Mais les relations se sont progressivement réchauffées ces derniers mois et Emannuel Macron et son homologue algérien Abdelmadjid Tebboune ont exprimé leur volonté de les « approfondir » lors d’un entretien téléphonique le 18 juin.
Fin avril, Abdelmadjid Tebboune avait félicité Emmanuel Macron pour sa
réélection et l’a invité à se rendre en Algérie. « Le rapide retour à une situation normale, suite à la grave crise des derniers mois (…) est en rapport avec les tensions régionales, notamment en Libye, qu’il ne faudrait pas occulter ou minimiser », décortique Amar Mohand-Amer auprès de l’AFP.
« La géopolitique régionale très instable commande des postures fortes sur le moyen et long terme et la consolidation des relations politiques et économiques entre les deux pays », ajoute l’historien.
« Instrumentation »
Le président du parti d’opposition Rassemblement pour la culture et la démocratie (RCD), Athmane Mazouz, souligne que les « relations entre le système de pouvoir en Algérie et la France officielle sont rythmées par des crises et de pseudo-retrouvailles depuis l’indépendance du pays ».
« Au stade actuel, personne ne peut parier un sou pour parler de refondation.
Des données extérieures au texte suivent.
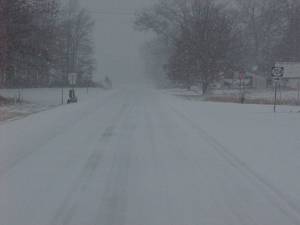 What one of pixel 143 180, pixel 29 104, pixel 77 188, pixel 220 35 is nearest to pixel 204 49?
pixel 220 35

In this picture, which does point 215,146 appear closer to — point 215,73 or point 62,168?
point 62,168

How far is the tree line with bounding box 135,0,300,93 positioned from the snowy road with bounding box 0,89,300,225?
147ft

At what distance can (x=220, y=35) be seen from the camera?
203 feet

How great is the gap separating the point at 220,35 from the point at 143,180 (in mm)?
Answer: 52993

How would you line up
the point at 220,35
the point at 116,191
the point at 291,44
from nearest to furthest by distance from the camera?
the point at 116,191 < the point at 220,35 < the point at 291,44

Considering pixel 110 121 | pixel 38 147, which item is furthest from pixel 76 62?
pixel 38 147

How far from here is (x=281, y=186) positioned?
32.2ft

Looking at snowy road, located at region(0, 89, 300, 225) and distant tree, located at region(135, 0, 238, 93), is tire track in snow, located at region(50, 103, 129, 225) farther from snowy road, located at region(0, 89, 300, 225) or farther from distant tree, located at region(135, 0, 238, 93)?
distant tree, located at region(135, 0, 238, 93)

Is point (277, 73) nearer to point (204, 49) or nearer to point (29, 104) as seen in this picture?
point (29, 104)

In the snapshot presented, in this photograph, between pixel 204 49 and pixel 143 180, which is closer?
pixel 143 180

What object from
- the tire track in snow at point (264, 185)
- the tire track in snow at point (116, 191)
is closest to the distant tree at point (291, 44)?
the tire track in snow at point (264, 185)

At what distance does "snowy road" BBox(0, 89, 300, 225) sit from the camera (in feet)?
25.5

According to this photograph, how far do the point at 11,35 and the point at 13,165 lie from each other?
3262 cm

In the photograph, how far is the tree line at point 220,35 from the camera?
62.3 m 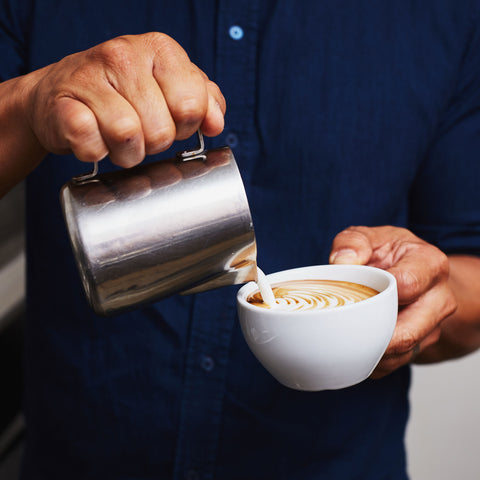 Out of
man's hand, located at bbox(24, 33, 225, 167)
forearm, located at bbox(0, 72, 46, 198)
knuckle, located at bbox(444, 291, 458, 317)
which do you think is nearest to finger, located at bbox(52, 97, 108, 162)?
man's hand, located at bbox(24, 33, 225, 167)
L’instrumentation de cette relation d’un côté comme de l’autre n’échappe à personne », ajoute-t-il.
Amar Mohand-Amer redoute que la politique de réconciliation mémorielle d’Emmanuel Macron ne soit mise à rude épreuve par les récents succès électoraux du parti d’extrême droite de Marine Le Pen, le Rassemblement national, en France.
Marine Le Pen avait en effet réaffirmé en mars que « la colonisation avait contribué au développement de l’Algérie », reprochant à Emmnanuel Macron une politique consistant à « passer sa vie à s’excuser sans rien demander en contrepartie à un gouvernement algérien qui ne cesse d’insulter la France ».
« La montée fulgurante du Rassemblement national aux législatives en France n’augure rien de bon. L’extrême droite française va transformer ce mandat en un grand champ de bataille mémoriel où le révisionnisme et la falsification de l’histoire seront omniprésents », met en garde l’historien Amar Mohand-Amer.
Sur le plan intérieur, le pouvoir a mis à profit l’anniversaire pour tenter d’alléger les crispations, trois ans après avoir été ébranlé par les manifestations prodémocratie du Hirak.
Abdelmadjid Tebboune a en effet lancé en mai une initiative pour briser l’immobilisme politique en recevant à tour de rôle plusieurs dirigeants de partis politiques, y compris de l’opposition, et des responsables d’organisations syndicales et patronales.